* [Instructions for the task] The material below holds the lines to copy: from the one with "Carrock Fell-210" up to and including the one with "Smart ForFour I Moteur 13491080". Copy them exactly and skip the pictures.

* [Task input]
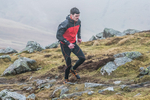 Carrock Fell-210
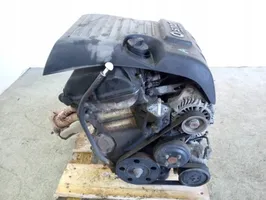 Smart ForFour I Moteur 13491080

==

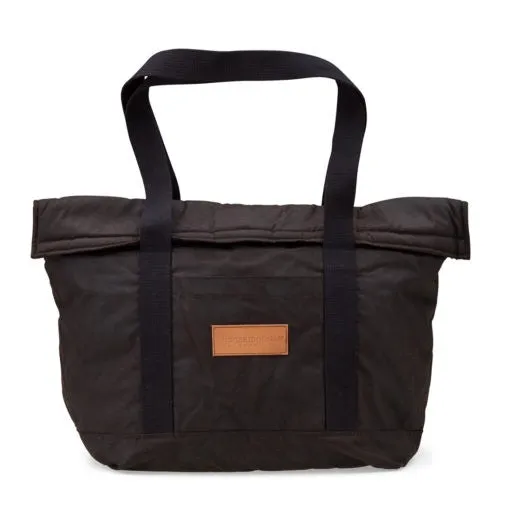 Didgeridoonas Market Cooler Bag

* [Expected answer]
 Carrock Fell-210
 Smart ForFour I Moteur 13491080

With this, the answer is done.